■ Work required
Print, from the listing below, the lines starting at the line containing "Set Bộ quần" and ending at the line containing "SeedProd landing page builder for WordPress.", exactly as they stand, and print nothing else.

■ Given information
────

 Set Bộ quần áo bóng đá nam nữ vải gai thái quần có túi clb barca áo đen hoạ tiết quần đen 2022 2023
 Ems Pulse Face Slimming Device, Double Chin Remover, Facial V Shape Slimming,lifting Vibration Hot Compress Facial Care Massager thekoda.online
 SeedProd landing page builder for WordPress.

────

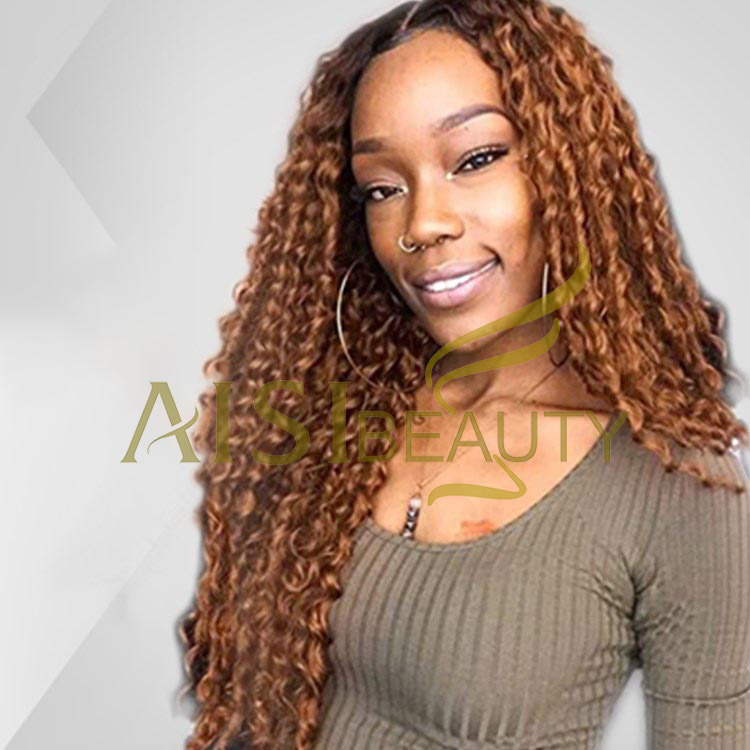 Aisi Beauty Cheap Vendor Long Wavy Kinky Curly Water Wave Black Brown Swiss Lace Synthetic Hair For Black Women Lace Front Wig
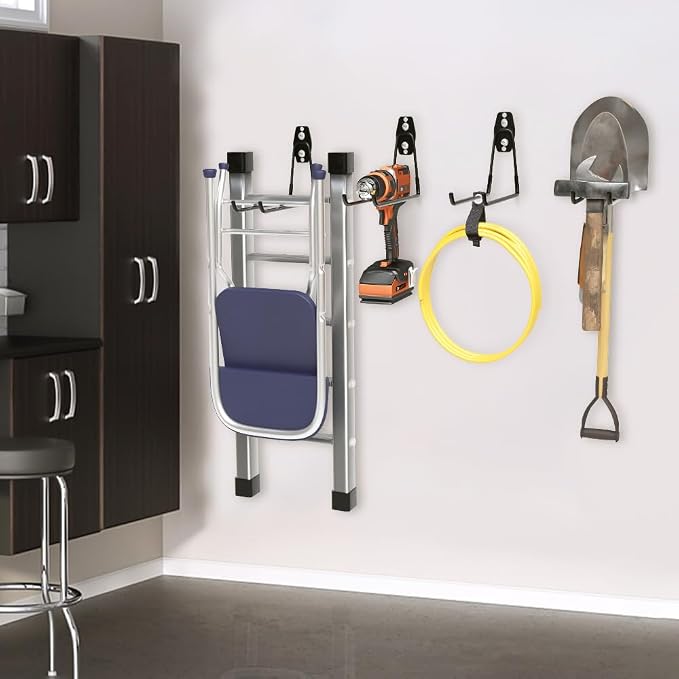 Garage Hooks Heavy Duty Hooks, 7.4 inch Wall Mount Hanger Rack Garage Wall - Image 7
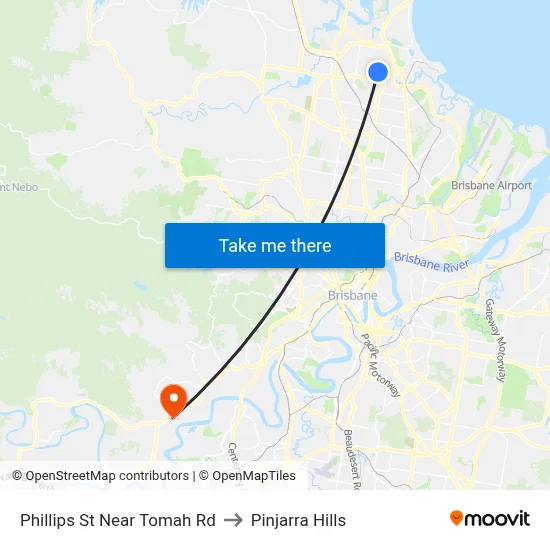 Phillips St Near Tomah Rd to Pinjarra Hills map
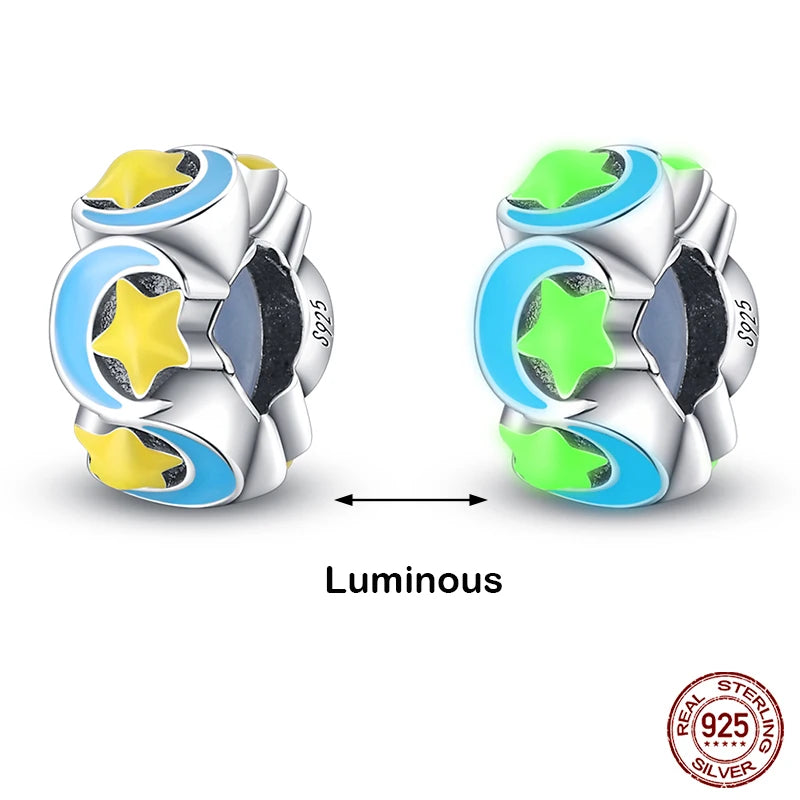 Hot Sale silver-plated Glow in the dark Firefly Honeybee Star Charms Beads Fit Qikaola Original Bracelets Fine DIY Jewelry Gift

────

■ Solution for this problem
 Set Bộ quần áo bóng đá nam nữ vải gai thái quần có túi clb barca áo đen hoạ tiết quần đen 2022 2023
 Ems Pulse Face Slimming Device, Double Chin Remover, Facial V Shape Slimming,lifting Vibration Hot Compress Facial Care Massager thekoda.online
 SeedProd landing page builder for WordPress.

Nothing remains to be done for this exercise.